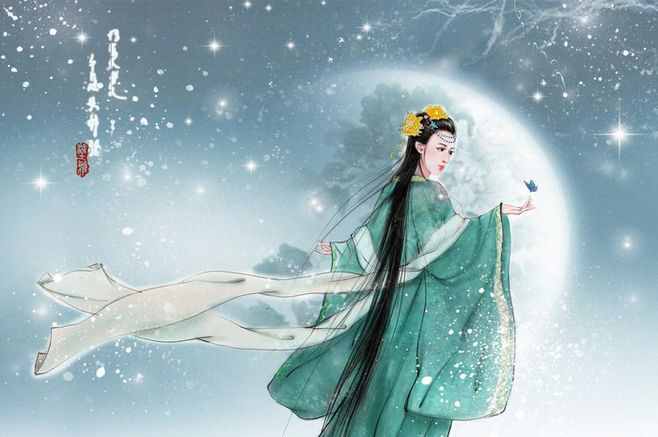 “但愿人長(zhǎng)久，千里共嬋娟”，嬋娟到底是什么意思？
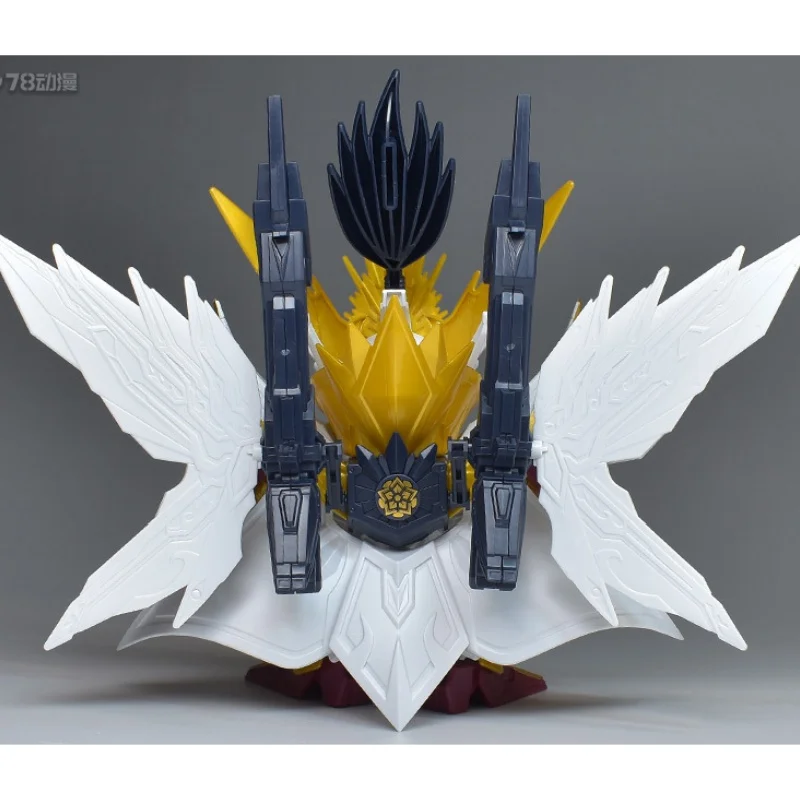 Bandai SDW Heroes Collection Regular Edition Unparalleled General Anime Action Doll Assembly Model Toy Collectible Model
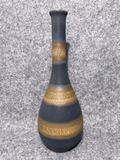 Tachikichi Vase  Vase - Ceramic - Japan - Tachikich Vase Kiyomizu - Kiyomizu Ware (No reserve price)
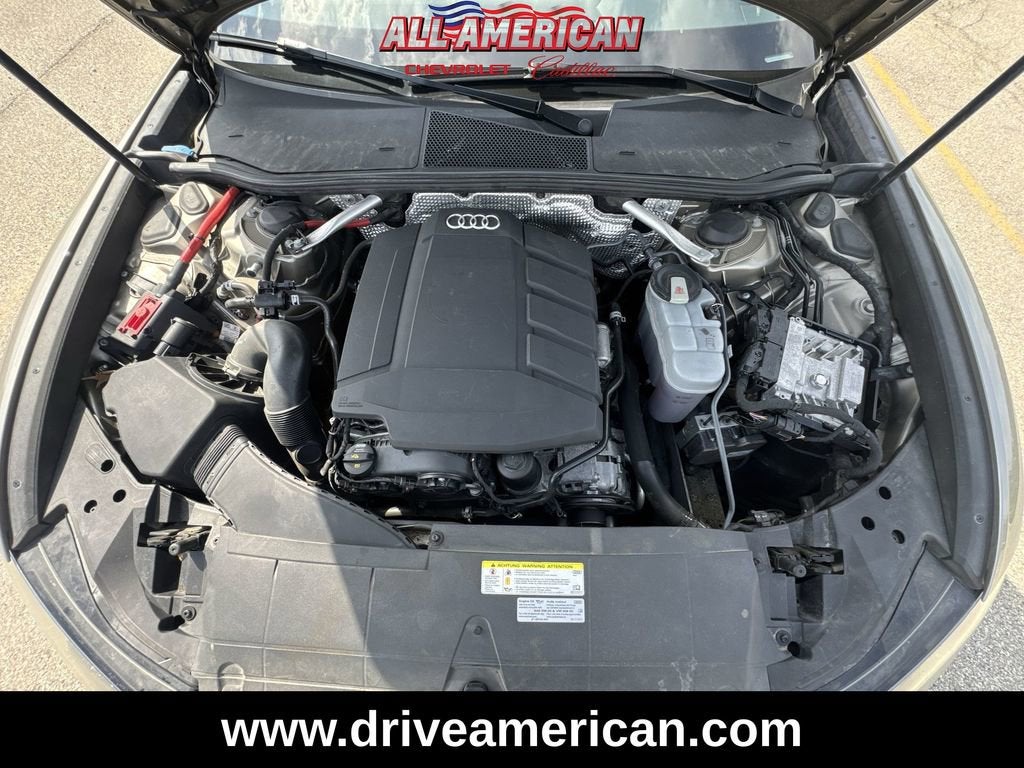 2019 Audi A6 Premium Plus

### [Work to be completed]
Set down again, exactly, the lines from the one with "Bandai SDW Heroes" to the last line of the data, both included and pictures excluded.

### [Solution to this problem]
 Bandai SDW Heroes Collection Regular Edition Unparalleled General Anime Action Doll Assembly Model Toy Collectible Model
 Tachikichi Vase  Vase - Ceramic - Japan - Tachikich Vase Kiyomizu - Kiyomizu Ware (No reserve price)
 2019 Audi A6 Premium Plus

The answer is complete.